### [EXTRACTED INFORMATION]
◆ ◆ ◆
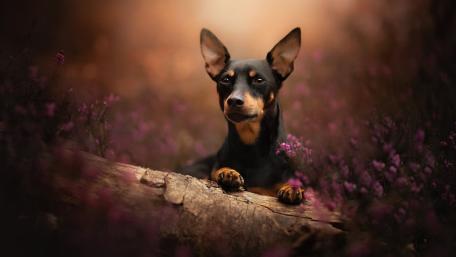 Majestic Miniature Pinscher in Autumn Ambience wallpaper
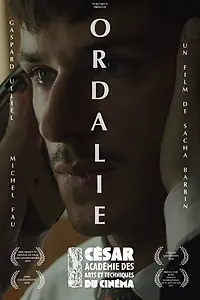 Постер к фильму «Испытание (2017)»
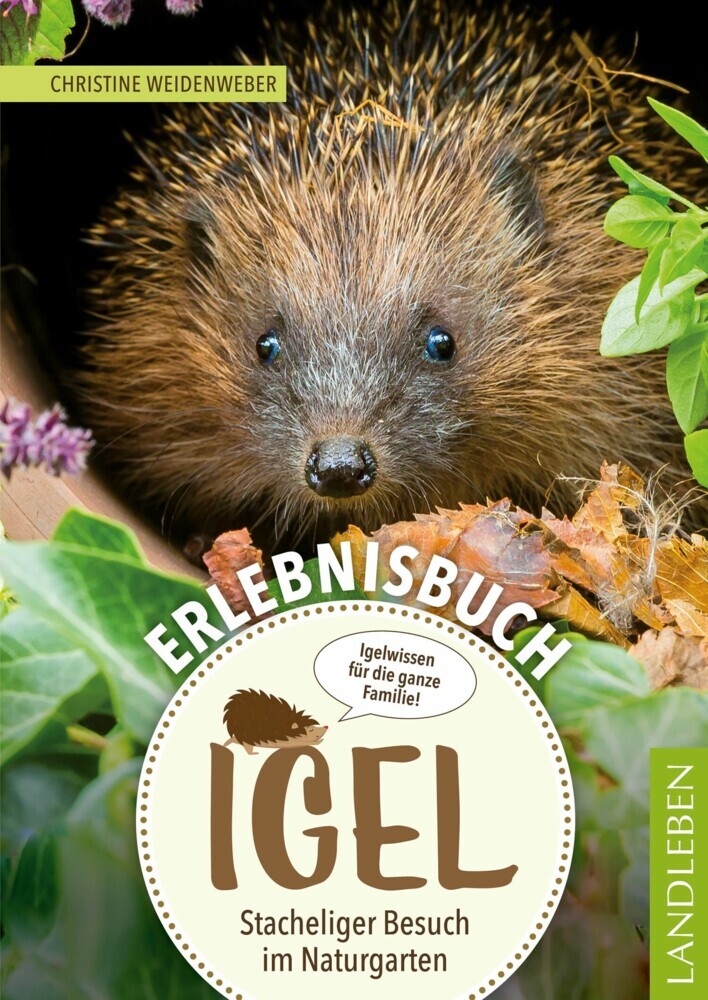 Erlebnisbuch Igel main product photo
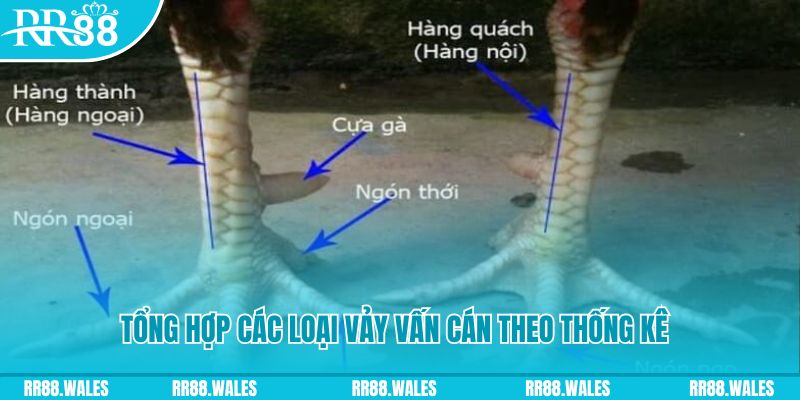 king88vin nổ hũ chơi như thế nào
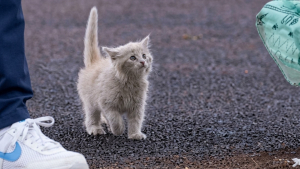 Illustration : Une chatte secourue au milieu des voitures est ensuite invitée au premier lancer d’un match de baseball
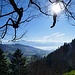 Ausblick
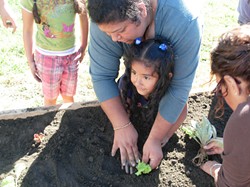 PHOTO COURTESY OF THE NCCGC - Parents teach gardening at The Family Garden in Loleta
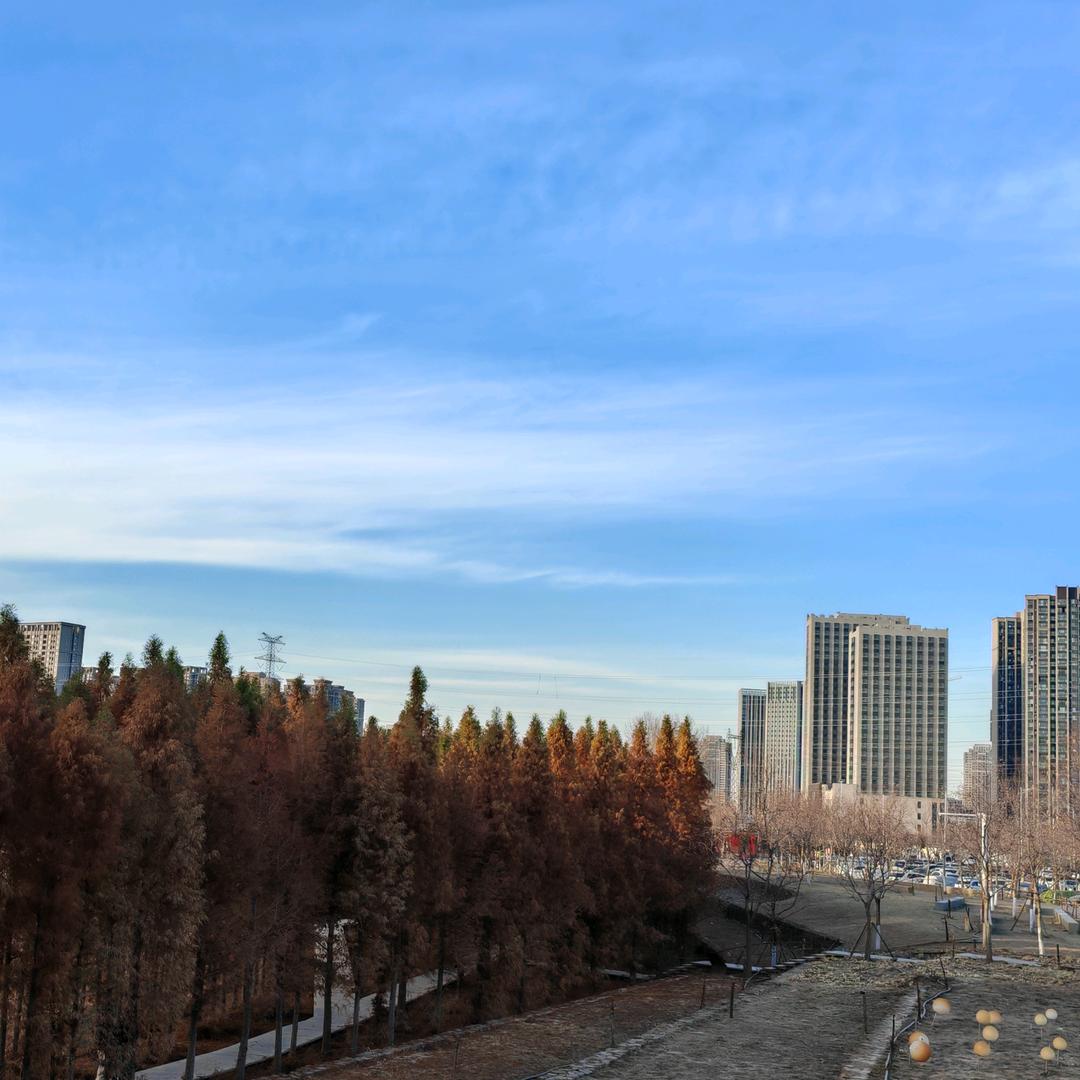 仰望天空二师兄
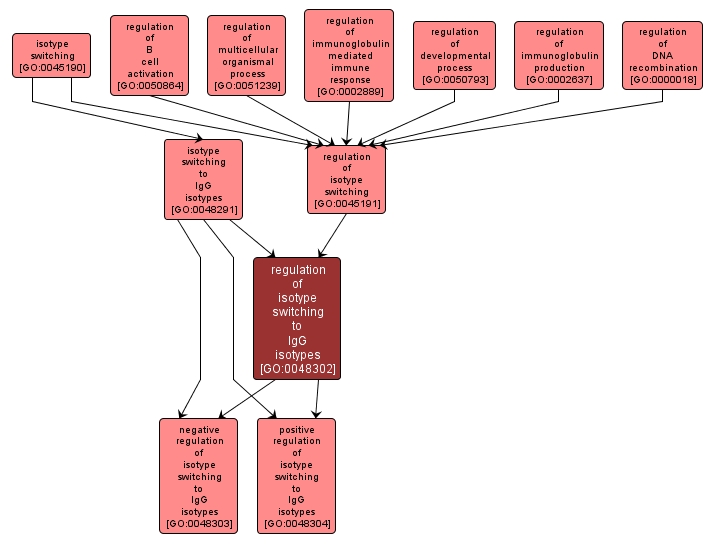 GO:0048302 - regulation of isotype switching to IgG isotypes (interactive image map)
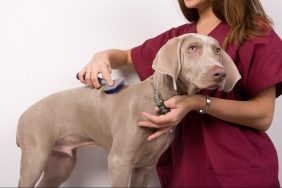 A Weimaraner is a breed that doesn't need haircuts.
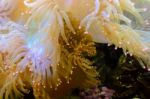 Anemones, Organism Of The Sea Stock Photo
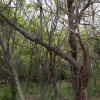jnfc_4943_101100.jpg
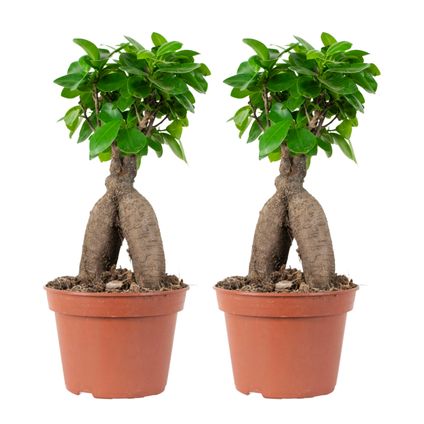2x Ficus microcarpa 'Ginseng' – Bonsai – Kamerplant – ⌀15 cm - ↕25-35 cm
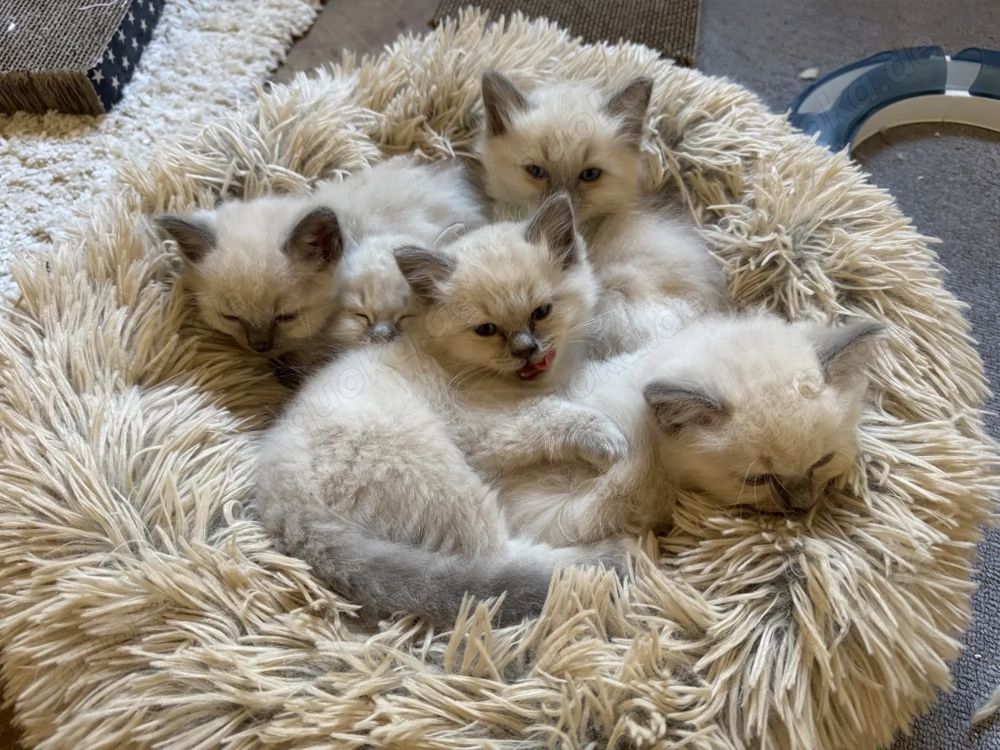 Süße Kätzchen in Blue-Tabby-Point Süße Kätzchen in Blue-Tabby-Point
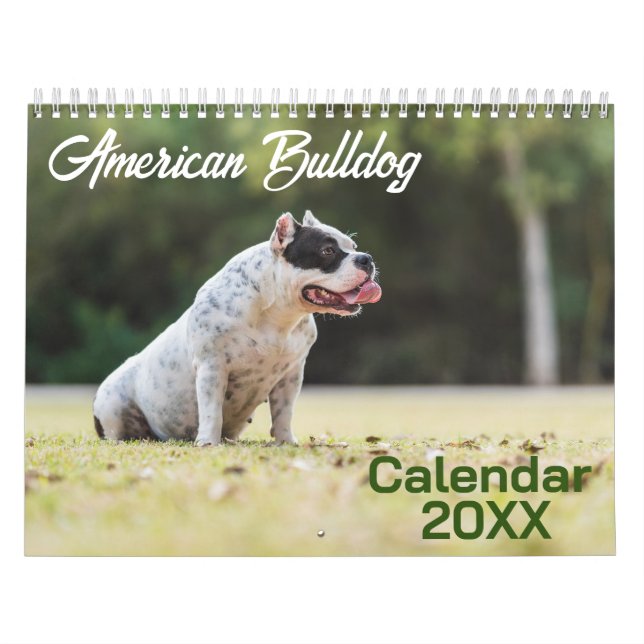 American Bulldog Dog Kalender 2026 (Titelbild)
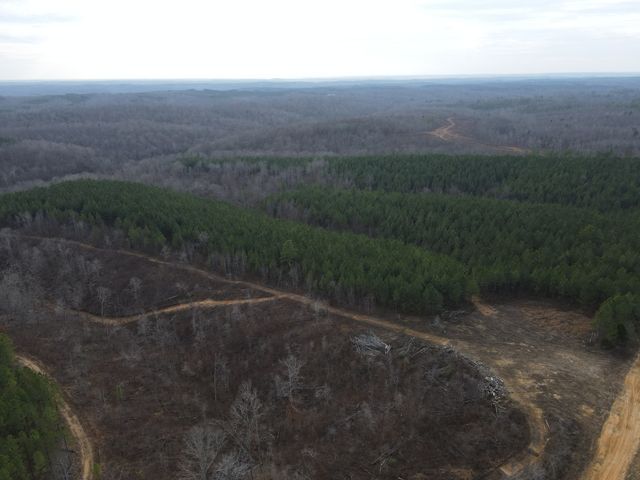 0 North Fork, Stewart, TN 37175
◆ ◆ ◆
### [WHAT THE TASK ASKS]
Reprint the listing above exactly, without images.

### [THE ANSWER]
 Majestic Miniature Pinscher in Autumn Ambience wallpaper
 Постер к фильму «Испытание (2017)»
 Erlebnisbuch Igel main product photo
 king88vin nổ hũ chơi như thế nào
 Illustration : Une chatte secourue au milieu des voitures est ensuite invitée au premier lancer d’un match de baseball
 Ausblick
 PHOTO COURTESY OF THE NCCGC - Parents teach gardening at The Family Garden in Loleta
 仰望天空二师兄
 GO:0048302 - regulation of isotype switching to IgG isotypes (interactive image map)
 A Weimaraner is a breed that doesn't need haircuts.
 Anemones, Organism Of The Sea Stock Photo
jnfc_4943_101100.jpg
2x Ficus microcarpa 'Ginseng' – Bonsai – Kamerplant – ⌀15 cm - ↕25-35 cm
 Süße Kätzchen in Blue-Tabby-Point Süße Kätzchen in Blue-Tabby-Point
 American Bulldog Dog Kalender 2026 (Titelbild)
 0 North Fork, Stewart, TN 37175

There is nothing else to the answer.